═══ Data to process

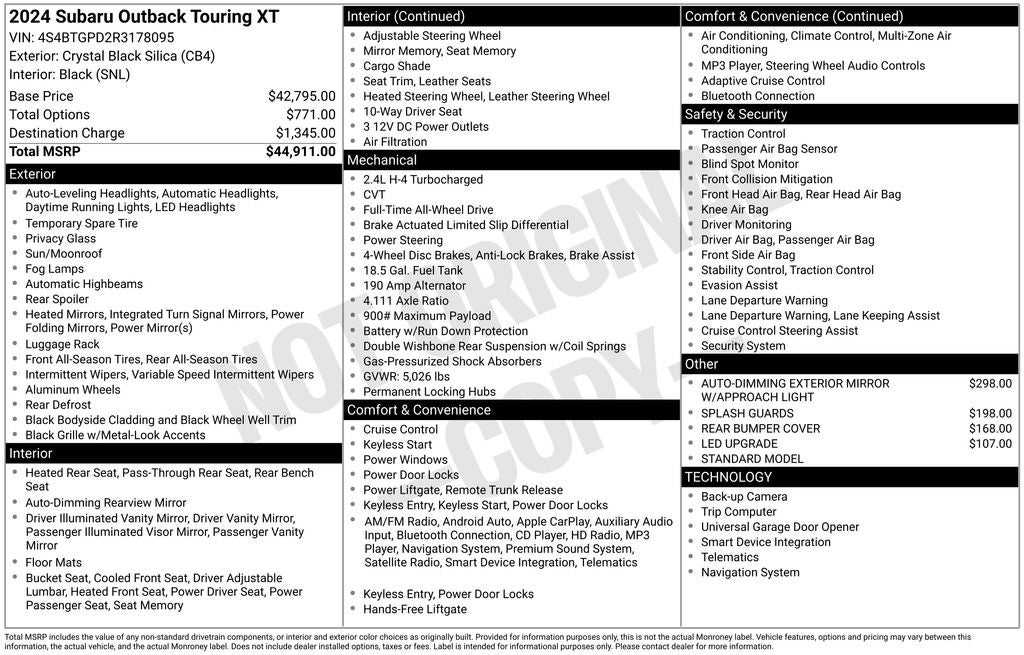 2024 Subaru Outback Touring XT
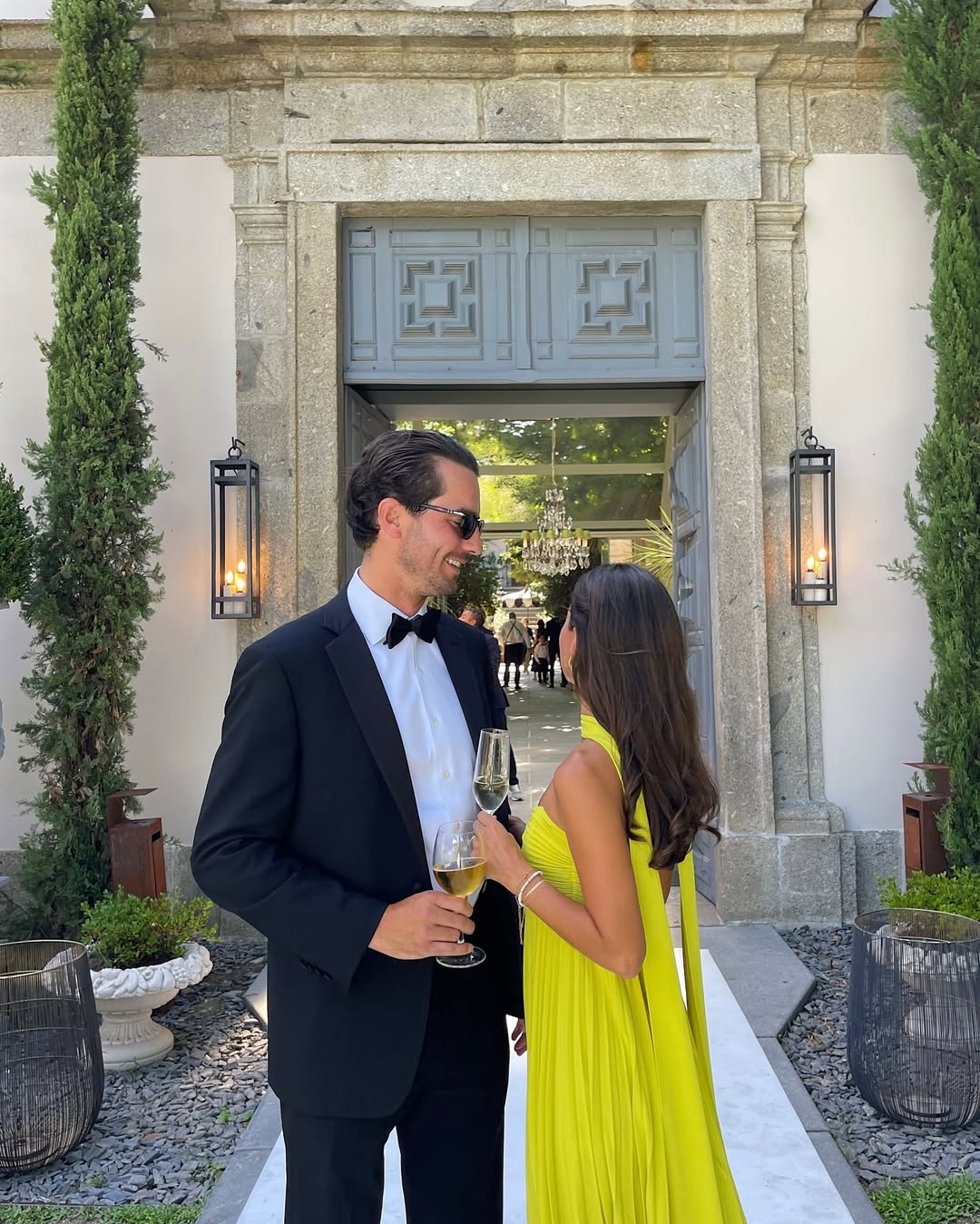 Lime yellow pleated strapless maxi dress, elegant wedding summer occasion wear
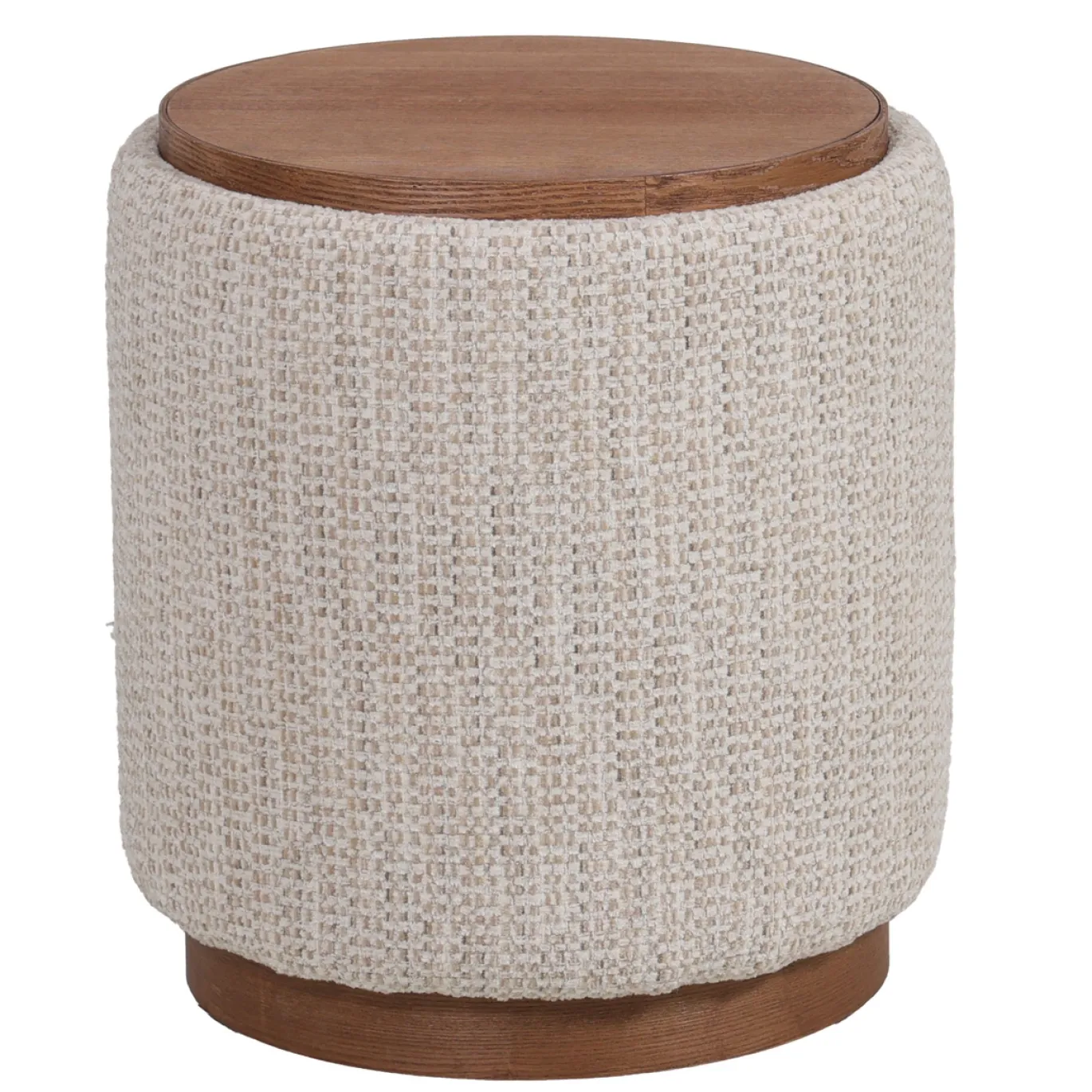 DÉJA Bijzettafel Marcia Beige/Walnoot Chenille Rond met Opbergruimte 40cm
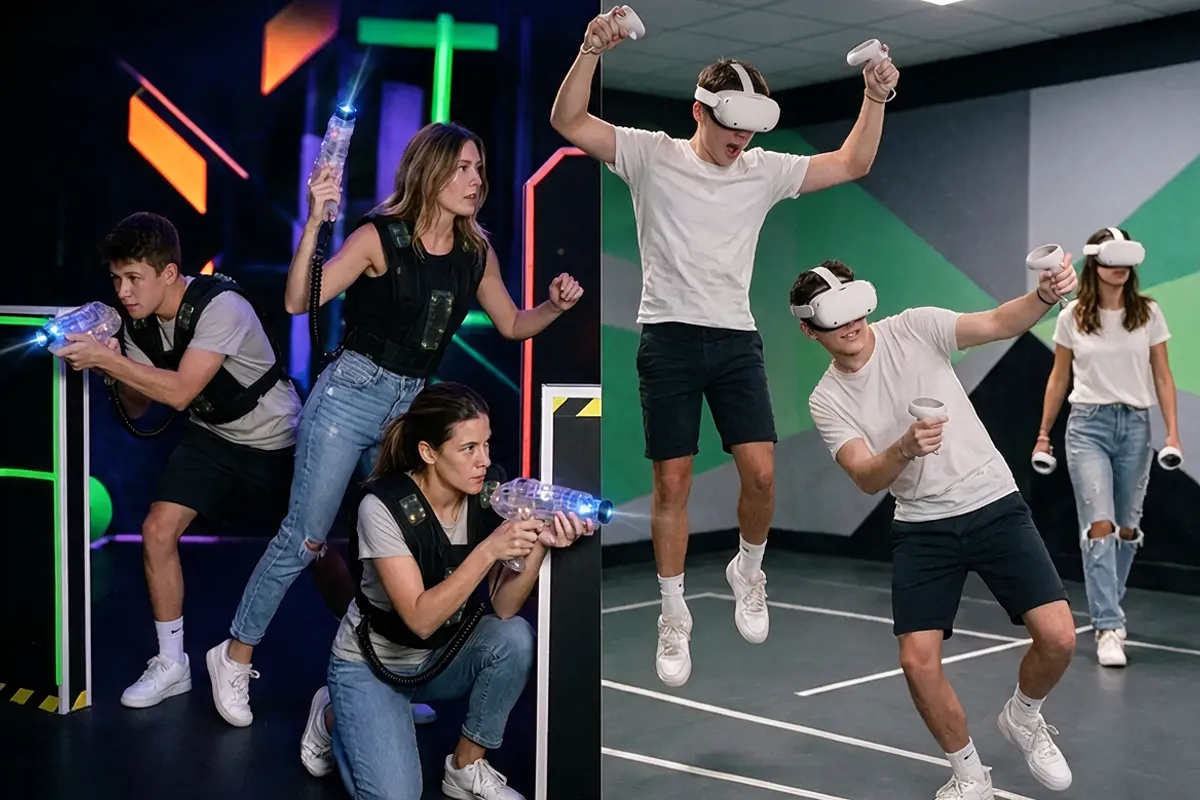 Adolescentes jugando al laser game y a la realidad virtual en Alfazone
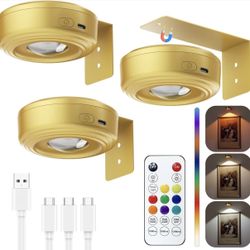 Picture Lights for Wall, 2000mAh Rechargeable Magnetic Poster Lights with Remote, 3 Color Temps & RGB Dimmable Timer, Wall Decor Light for Art Display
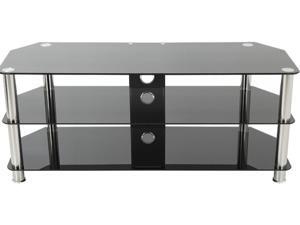 AVF SDC1250CM-A up to 60" Chrome Effect / Black Glass Classic - Corner Glass TV Stand with Cable Mangement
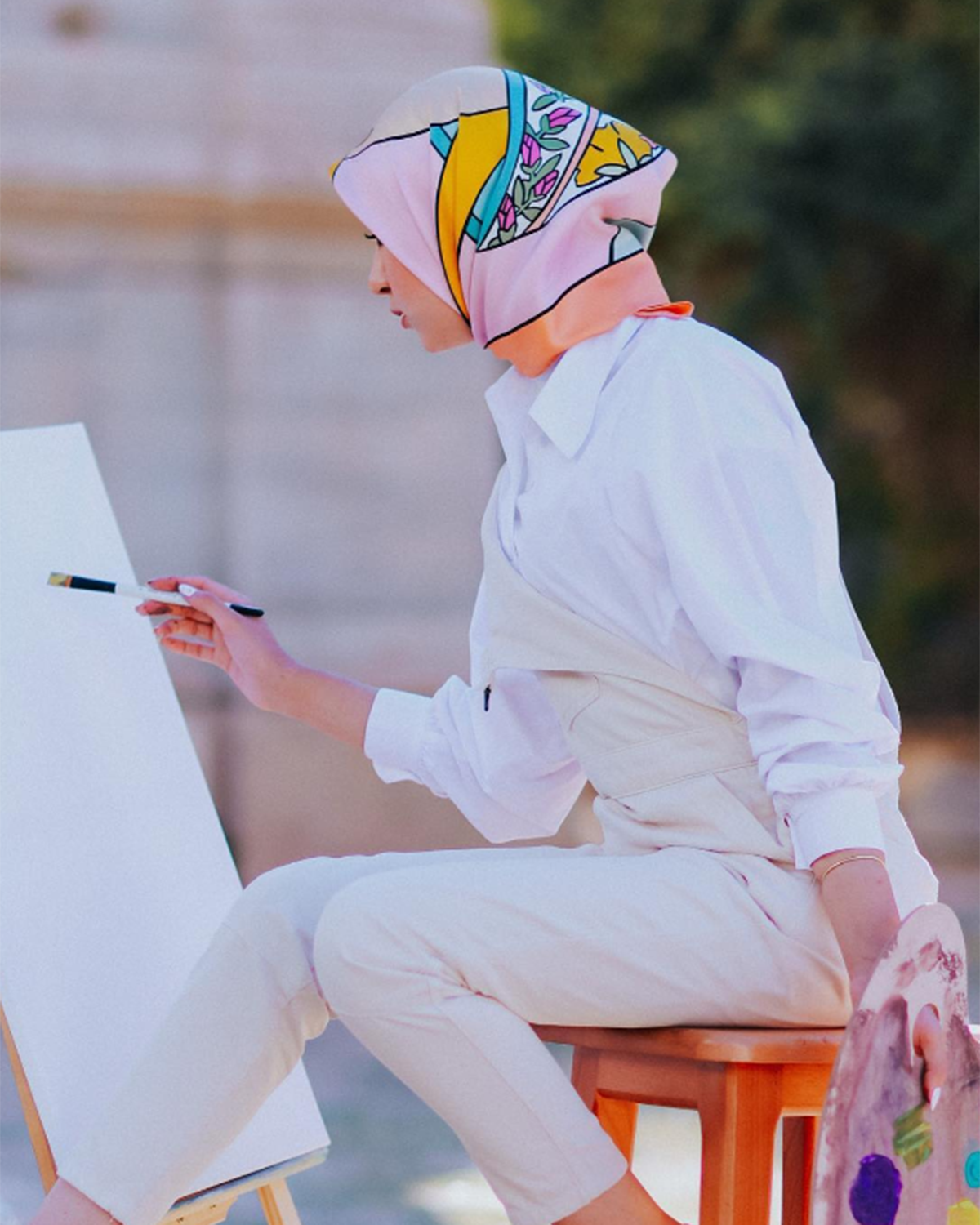 Oriental Mediterranean Silk Scarf | 90 CM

══════

Activity: Above are the records; copy every one of them exactly and omit the images.

Solution to the exercise:
 2024 Subaru Outback Touring XT
 Lime yellow pleated strapless maxi dress, elegant wedding summer occasion wear
 DÉJA Bijzettafel Marcia Beige/Walnoot Chenille Rond met Opbergruimte 40cm
 Adolescentes jugando al laser game y a la realidad virtual en Alfazone
 Picture Lights for Wall, 2000mAh Rechargeable Magnetic Poster Lights with Remote, 3 Color Temps & RGB Dimmable Timer, Wall Decor Light for Art Display
 AVF SDC1250CM-A up to 60" Chrome Effect / Black Glass Classic - Corner Glass TV Stand with Cable Mangement
 Oriental Mediterranean Silk Scarf | 90 CM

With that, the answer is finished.